Adema's vocalist Mark Chavez worked as a daycare supervisor and even thought about becoming a teacher but the lure of Rock was too great. Following in his older half-brother's footsteps, KoRn's Jonathan Davis, Chavez fronted Bakersfield area bands.

A successful older brother can open doors. Davis went a little further. He was there to encourage, support and be brutally honest, especially when Chavez wasn't cutting it. While the criticism stung, it served to channel Chavez's efforts.

Adema played together for a year before ever getting in front of an audience. That process, though difficult (hard to stay focused without audience feedback or at the very least, the money a paying gig provides), gave them the time to write and record.

Drummer Kris Kohls wasn't sure what, if anything, was next when his band Videodrone bit the dust. Hearing a demo recorded by Chavez, bassist Dave DeRoo and guitarists Mike Ransom and Tim Fluckley, all long-time veterans of the Central California music scene, convinced Kohls to join.

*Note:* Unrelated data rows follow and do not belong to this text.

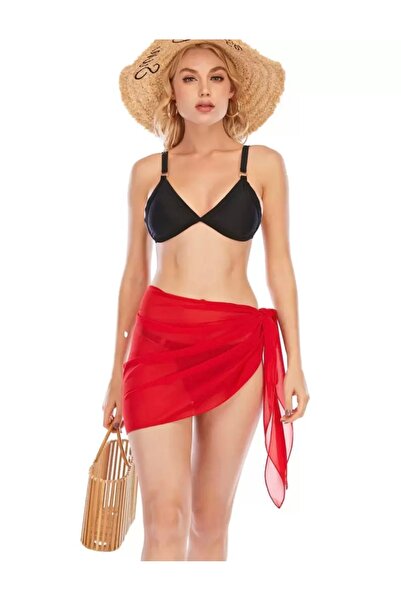 Oprah Kadın Tül Transparan Likralı Plaj Pareo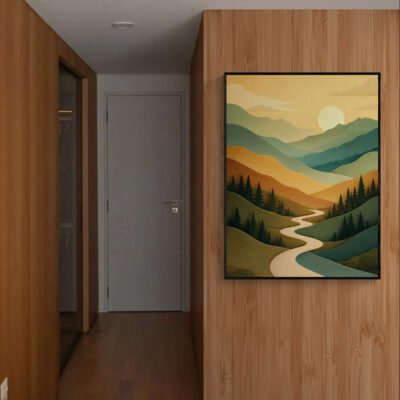 Flat Sunrise Mountain Wall Art  Minimal Nature Landscape  Calm Earth Tone Decor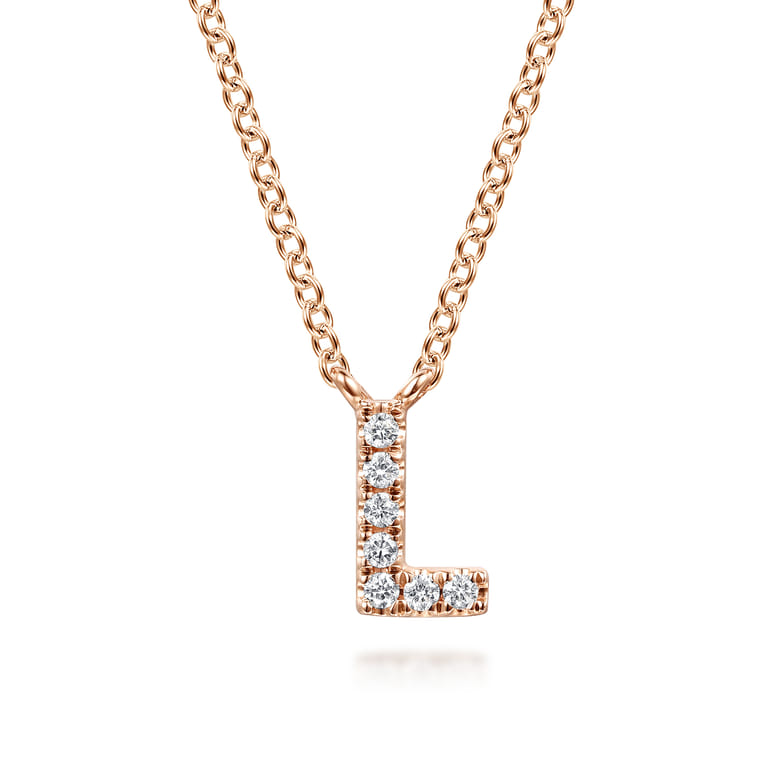 14K Pink Gold Diamond L Initial Pendant Necklace - 0.04 ct - Shot 1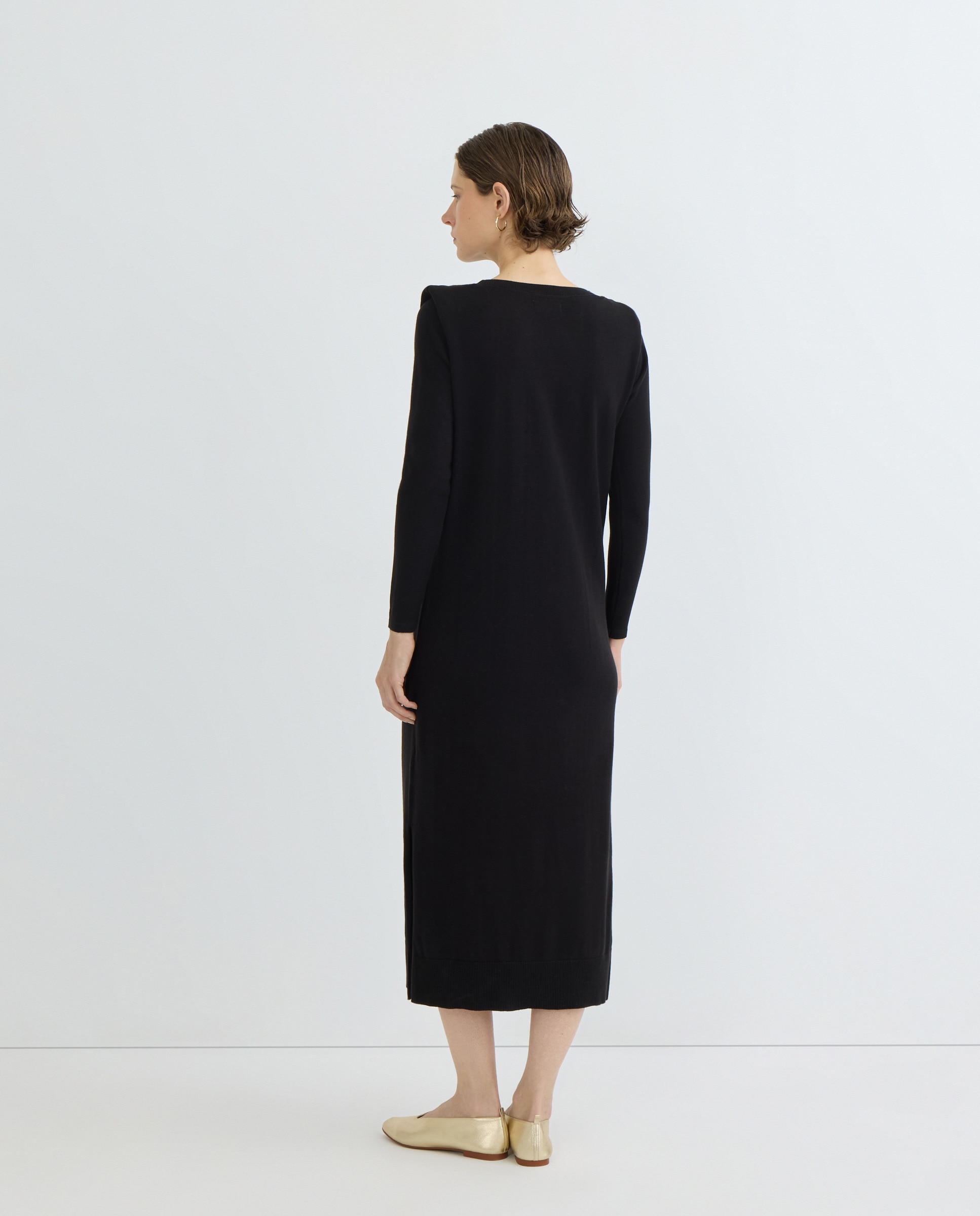 Vestido de mujer de punto midi manga larga Negro-3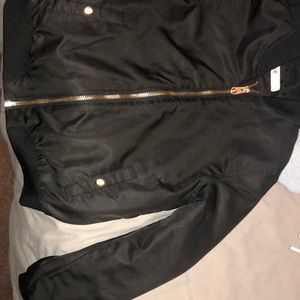 black bomber jacket! Super comfy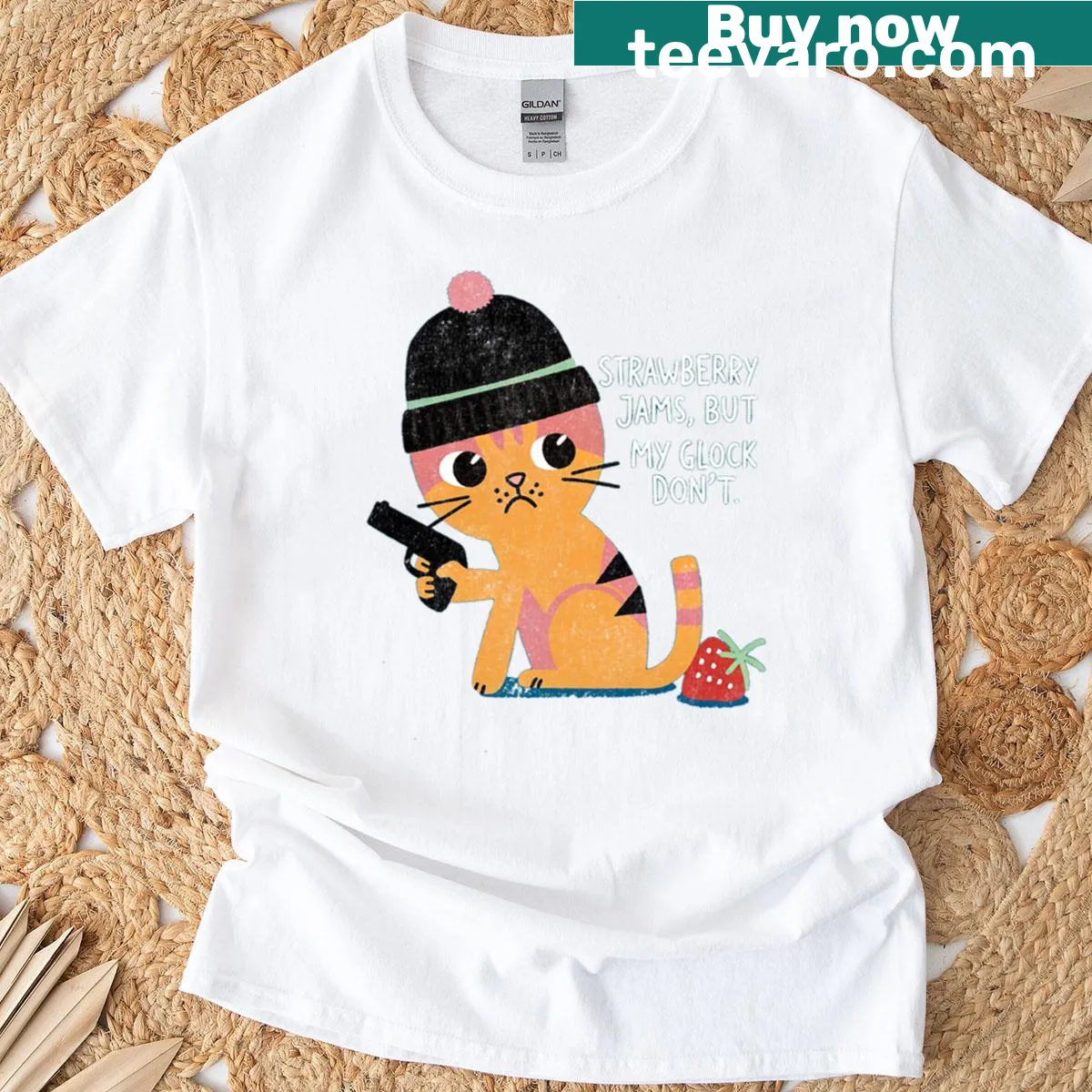Oversized t-shirt with a funny cat holding a Glock and playful text — on a men's t-shirt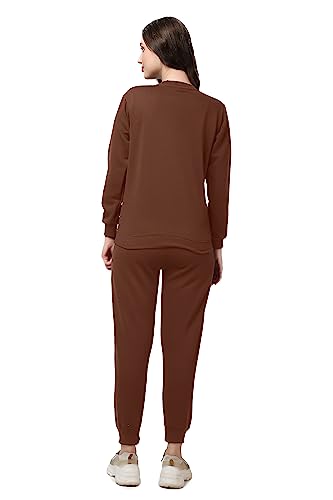 Image of Women's Full Sleeves Round Neck Winter wear Casual Fit Sweatshirt and Jogger Set Cotton Stretchable Comfort Fit and Warm for Cold Season for Everyday Winter Season Wear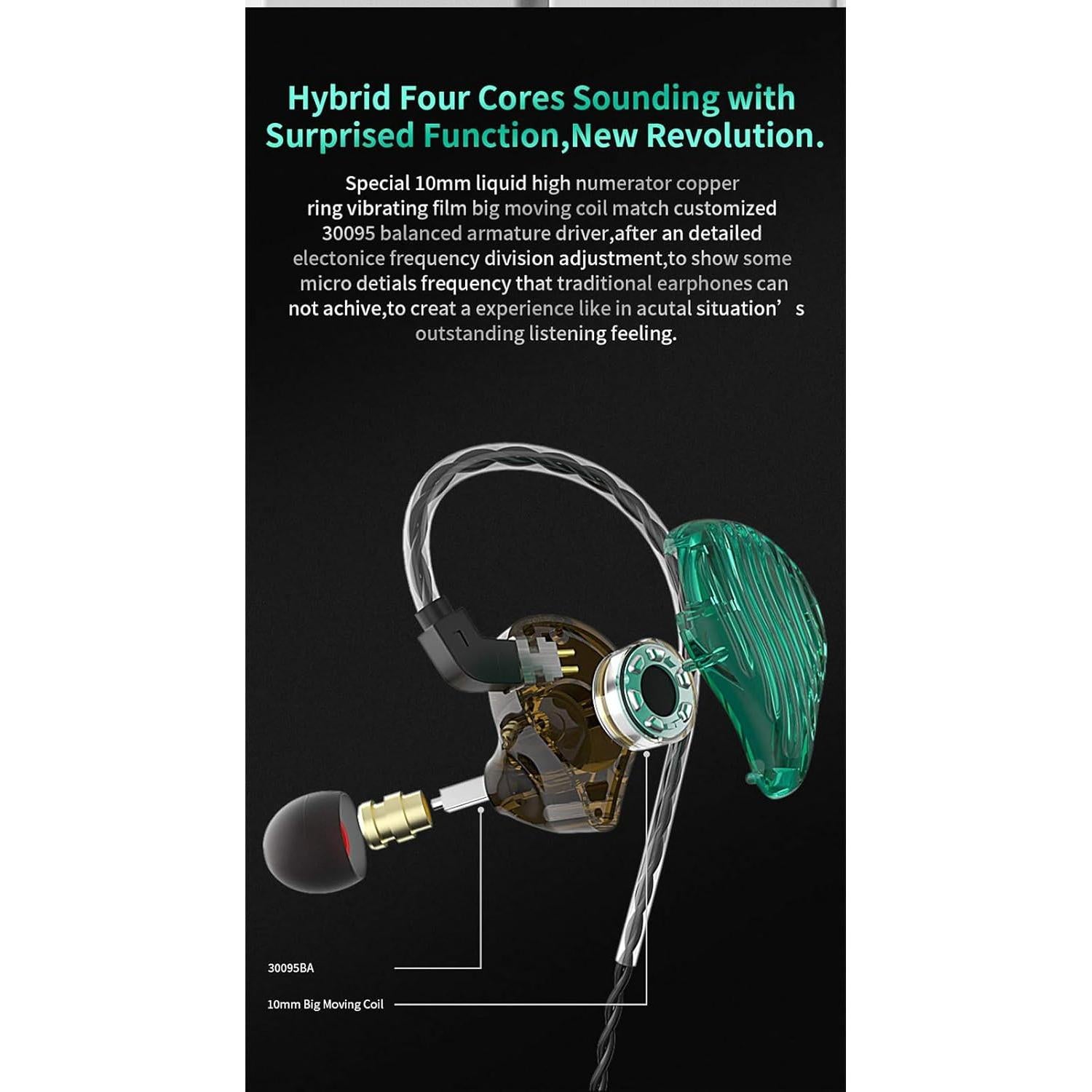 Auriculares In-Ear HiFi FEDAI CVJ CSE 10mm con Cable Desmontable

Some demos and the Chavez/Davis connection got the group a record deal. They then, holed up in a Northern California cabin to compose their self-titled debut. Recorded in L.A., the '01 release was produced by Bill Appleberry and Wallflowers' guitarist Tobias Miller.

As Chavez found out, having a famous older sibling in the same line of work can cause some discomfort. Some wise guy dubbed Adema "Baby KoRn." Adema does sound like KoRn, but so do scads of other groups. Well, nobody said life was fair.

As it turned out the KoRn comparisons eventually became moot. In September, '04, Chavez had a major falling out with the band and quit. Luke Caraccioli stepped in for the '05 album "Planets," which was released on Earache Records (because the Arista imprint had collapsed). But Caraccioli didn't last and bailed in October. Four months later, the announcement came that Bobby Reeves was the group's vocalist. A veteran of the L.A. band Level, Reeves brought along bandmate Ed Faris to be Adema's second guitarist.
Adema Discography


2001 Adema
2003 Unstable
2005 Planets
2007 Kill The Headlights

Take dense, blistering guitars, a Rock solid rhythm section and add a growling vocalist. You've heard it before and it's time to hear it again. Remembering what it's like to be "young and stupid," "The Way You Like It" kicks but it is far from being the top track on Adema's self-titled debut. That honor goes to "Freaking Out" followed by the lean "Close Friends." The tormented "Giving In" documents Chavez's battles with the bottle.

"Unstable" is a strong follow-up with the group bracing their power-pop with Tool/KoRn embellishments.

When a lead singer or guitarist exits the remaining members often attempt "expand" their horizons - as if to imply that their former bandmate was holding them back. That's where Adema goes on "Planets." Prog-Rock tendencies surface regularly and that's rarely a good sign. And while Caraccioli is a good vocalist, Chavez had more power and authority.